Entering the last year of his deal, wide receiver Allen Robinson said this week that neither he nor his agent has heard from the Bears about a contract extension.
“We haven’t heard nothing,” Robinson said on ESPN 1000’s “Carmen and Jurko” on Wednesday. “I think just as far as me and my agent, from the conversations that we’ve had, we’re not necessarily anticipating hearing anything at this point.
“For us, we’re going into camp preparing ourselves to have a good year. If that comes up, and they reach out to my agent, I’m sure they’ll have pretty good discussions and things like that. But, again, that hasn’t happened yet. Maybe it will happen. I can’t predict the future, so I don’t know if that will happen at all.”

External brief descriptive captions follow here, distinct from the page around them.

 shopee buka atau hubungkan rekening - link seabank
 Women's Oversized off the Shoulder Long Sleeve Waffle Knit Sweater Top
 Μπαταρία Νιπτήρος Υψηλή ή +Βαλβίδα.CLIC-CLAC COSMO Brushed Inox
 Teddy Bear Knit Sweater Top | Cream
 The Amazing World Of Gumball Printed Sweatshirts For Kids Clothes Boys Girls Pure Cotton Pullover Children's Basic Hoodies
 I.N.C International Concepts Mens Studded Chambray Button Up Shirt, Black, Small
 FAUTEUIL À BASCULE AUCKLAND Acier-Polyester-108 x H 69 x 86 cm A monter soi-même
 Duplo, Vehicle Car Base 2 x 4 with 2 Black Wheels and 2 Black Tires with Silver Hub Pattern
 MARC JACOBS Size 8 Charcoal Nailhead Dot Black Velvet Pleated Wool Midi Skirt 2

Robinson and his agent know general manager Ryan Pace tends to cut those deals closer to the regular season. Last fall, center Cody Whitehair became the fourth Bear in as many years to sign an extension in September before the season opener — and the fifth, if you count the Bears’ 2018 trade for linebacker Khalil Mack, who signed a new deal.
Pace extended guard Kyle Long in 2016, defensive lineman Akiem Hicks in 2017 and nose tackle Eddie Goldman in 2018. All but Long were, like Robinson, entering the last year of their contracts.
Robinson is finishing up a three-year, $42 million deal. The Bears could give him the franchise tag in 2021 if the sides can’t reach an extension.
Uncertainty about this season doesn’t favor an easy extension. Last month, the NFL’s football-operations department said camp was expected to begin July 28, with rookies allowed to report sooner. That is less certain now — the Bears have yet to announce a training-camp schedule. Robinson characterized camp details as “slightly up in the air.”
The NFL and the NFL Players Association are still negotiating training-camp terms, from opt-out provisions to testing and safety protocols to the existence of preseason games. Texans star J.J. Watt tweeted on Thursday that he’d participated in four NFLPA calls over two weeks, and “nothing has been agreed upon regarding what training camp will actually look like.”